3 kwietnia jest pierwszym dniem kampanii strajkowej związków zawodowych na kolei SNCF, która ma trwać do końca czerwca i skłonić rząd do odstawienia od dogłębnej reformy dotyczącej pracowników sektora publicznego, zwłaszcza transportu szynowego. Do strajków mają przyłączyć się pracownicy Air France. Część załogi francuskiej linii lotniczej nie pracowała już jednak także 22 lutego i 23 marca, zmuszając dyrekcję do anulowania jednej czwartej lotów.

„Zaostrzymy rytm działań i wzywamy cały personel Air France do przystąpienia do strajku w piątek 30 marca, we wtorek 3 kwietnia i w sobotę 7 kwietnia 2018 roku” – stwierdza tekst ulotki.

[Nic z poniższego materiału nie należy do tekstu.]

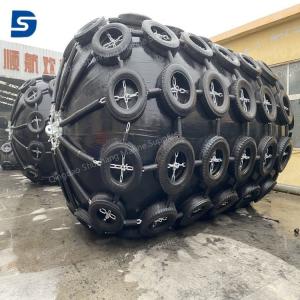 Wholesale ISO17357 2014 Inflatable Dock Bumper Yokohama Rubber Fender 50kpa from china suppliers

Kierownictwo linii w przekazanym komunikacie wyraziło ubolewanie z powodu tego nowego apelu do strajków, które jego zdaniem zaszkodzę klientom i sytuacji firmy. – Zwiększanie kosztów firmy zgodą na podwyżkę o 6 procent, zagroziłoby projektowanemu wzrostowi Air France, którego linia potrzebuje, aby sprostać wyzwaniom światowego transportu lotniczego – argumentuje dyrekcja.

Dodaje, że mechanizm indeksacji zarobków do inflacji – zaproponowany tydzień wcześniej niektórym kategoriom zatrudnionych i odrzucony przez związki – jest w dalszym ciągu aktualny.